> [INFORMATION SUPPLIED]
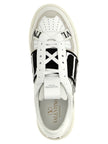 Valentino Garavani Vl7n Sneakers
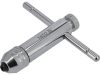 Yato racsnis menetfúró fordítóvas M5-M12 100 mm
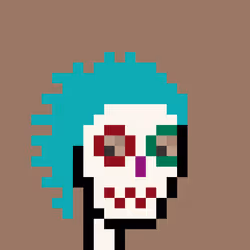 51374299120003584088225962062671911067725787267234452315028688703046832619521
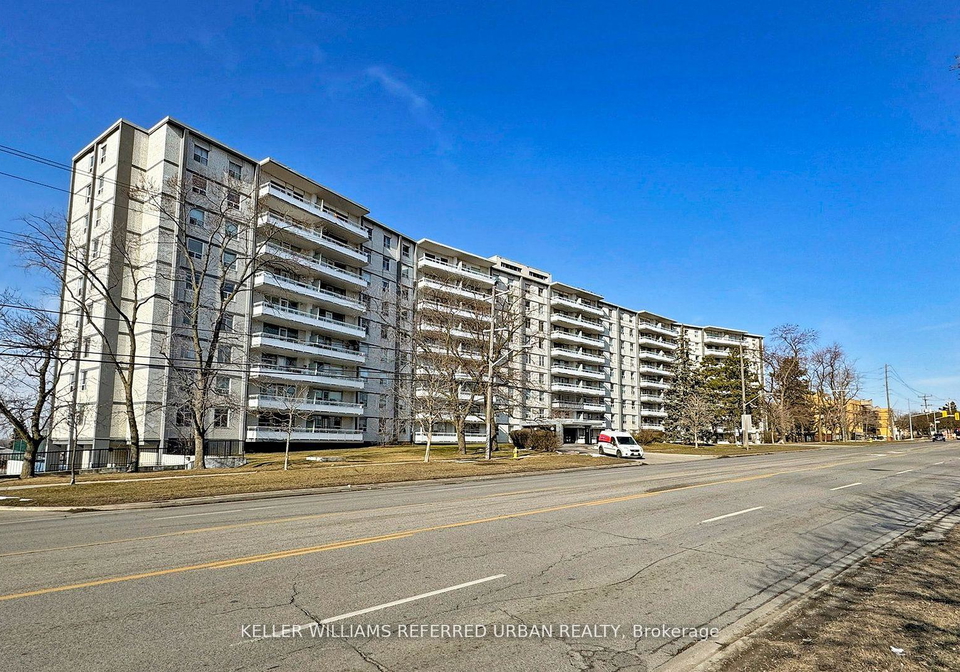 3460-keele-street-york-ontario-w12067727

> [WORK TO COMPLETE] Give an exact copy of the listing, without its pictures.

> [RESPONSE AREA]
 Valentino Garavani Vl7n Sneakers
 Yato racsnis menetfúró fordítóvas M5-M12 100 mm
 51374299120003584088225962062671911067725787267234452315028688703046832619521
 3460-keele-street-york-ontario-w12067727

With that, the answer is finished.